**Problem:**
The result should be an exact copy of the data, free of pictures.
**** Provided entries
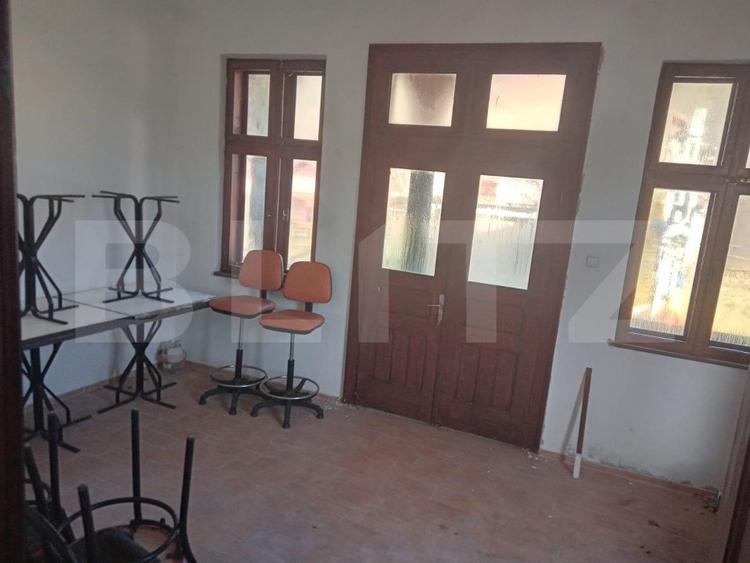 Spatiu Comercial cu apartament de 2 camere la etaj 300mp, Bezdead.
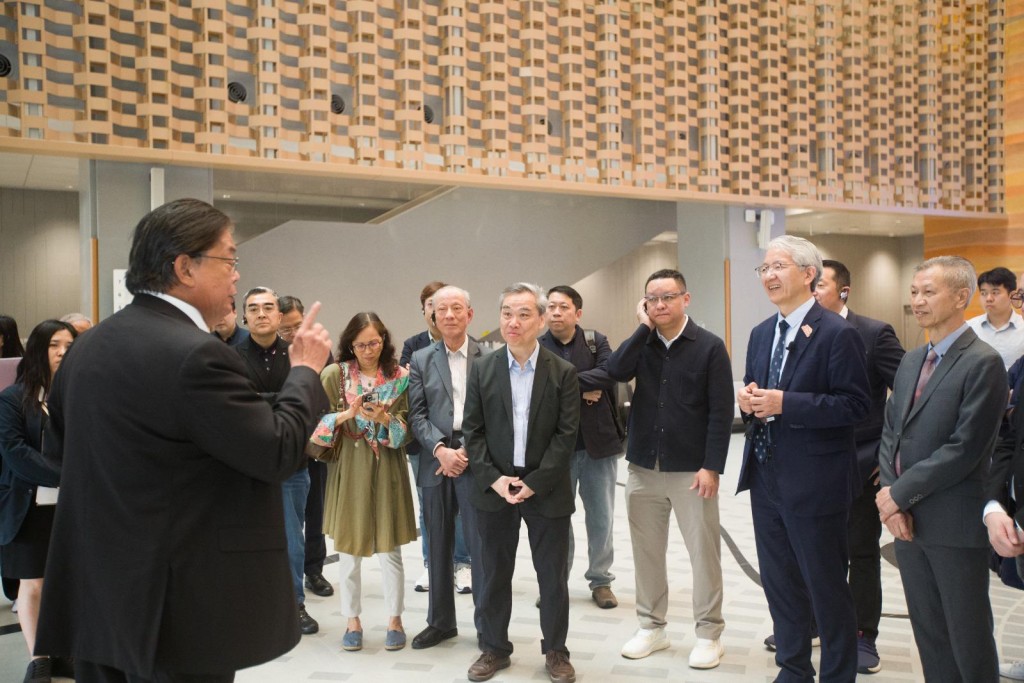 范駿華等聯席會議成員昨日（12日）下午參觀了香港中醫醫院。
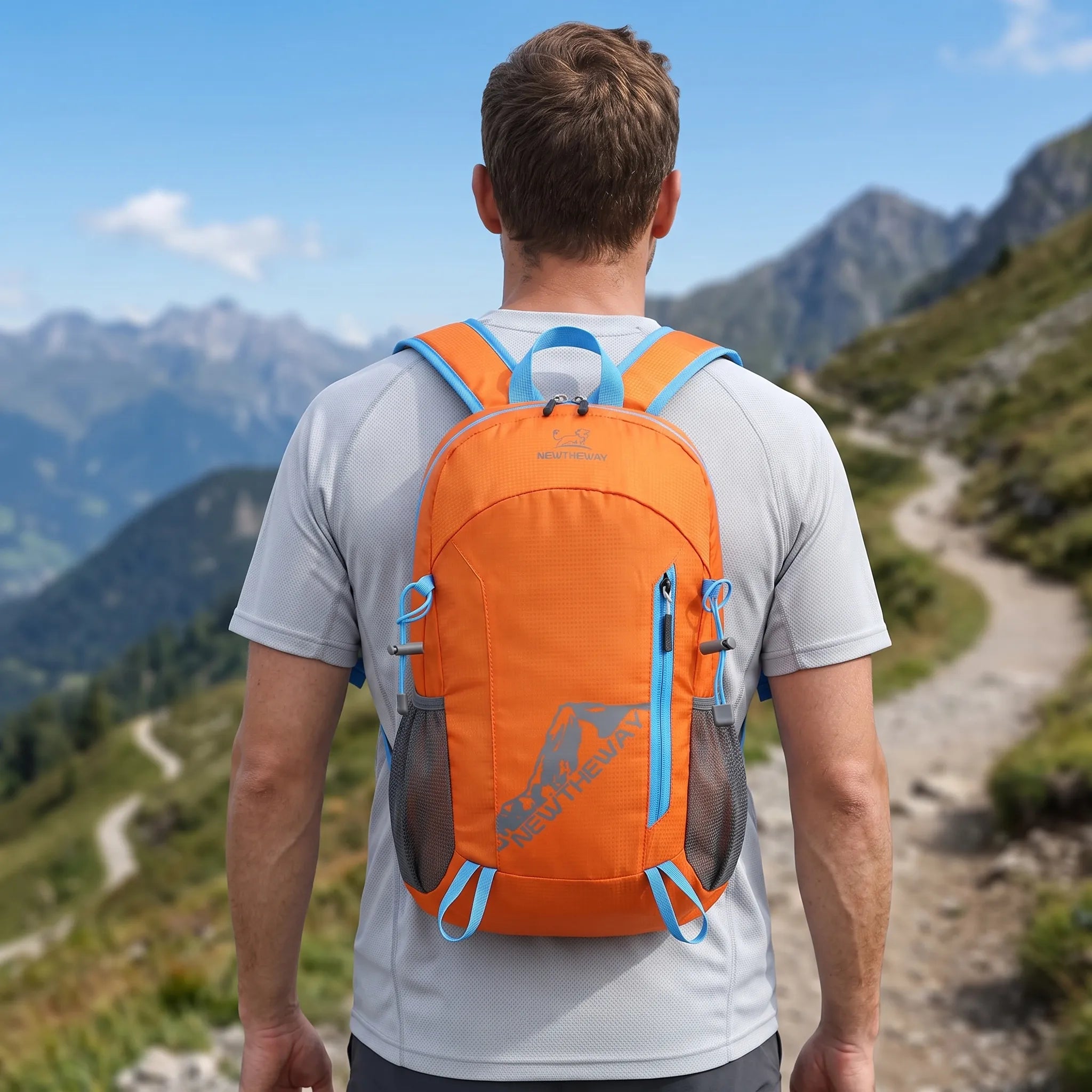 Packbarer Tagesrucksack mit wasserabweisender Beschichtung und Mesh-Schultergurten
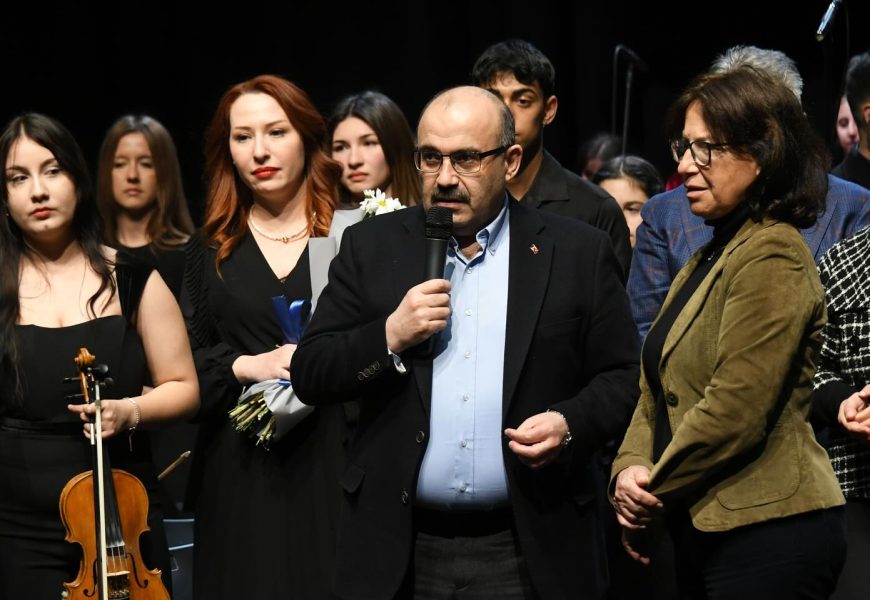 Vali İsmail Ustaoğlu, Ayvalık’ta Barış Konseri’ne Katıldı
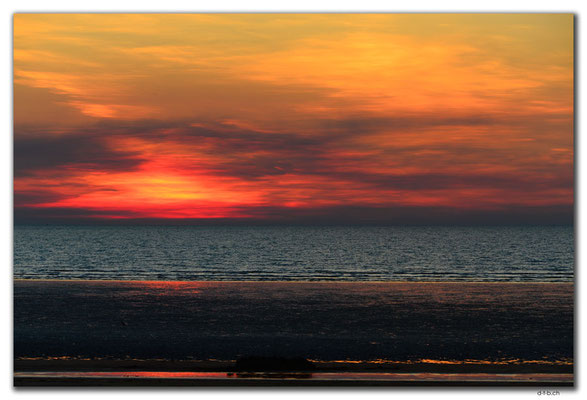 AU0064.Darwin.Mindil Beach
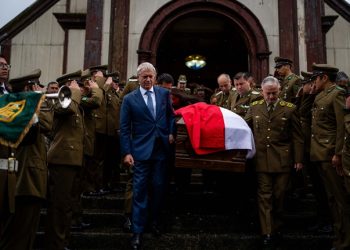 Presidente Kast asiste al funeral del sargento segundo de Carabineros, Javier Figueroa Manquemilla
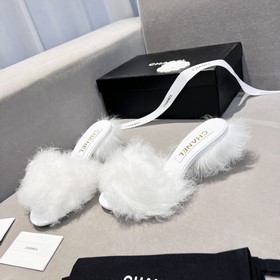 Новые тапочки Chanel 2023 ранней осени, такие же, как у известных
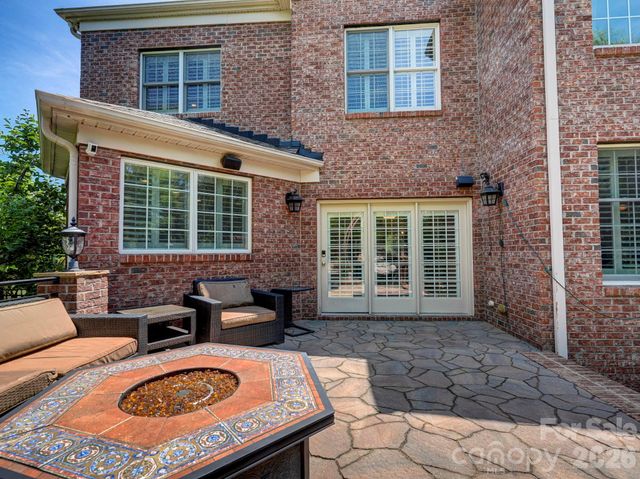 725 Wild Berry Court, Waxhaw, NC 28173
********
**Finished task:**
 Spatiu Comercial cu apartament de 2 camere la etaj 300mp, Bezdead.
 范駿華等聯席會議成員昨日（12日）下午參觀了香港中醫醫院。
 Packbarer Tagesrucksack mit wasserabweisender Beschichtung und Mesh-Schultergurten
 Vali İsmail Ustaoğlu, Ayvalık’ta Barış Konseri’ne Katıldı
 AU0064.Darwin.Mindil Beach
 Presidente Kast asiste al funeral del sargento segundo de Carabineros, Javier Figueroa Manquemilla
 Новые тапочки Chanel 2023 ранней осени, такие же, как у известных
 725 Wild Berry Court, Waxhaw, NC 28173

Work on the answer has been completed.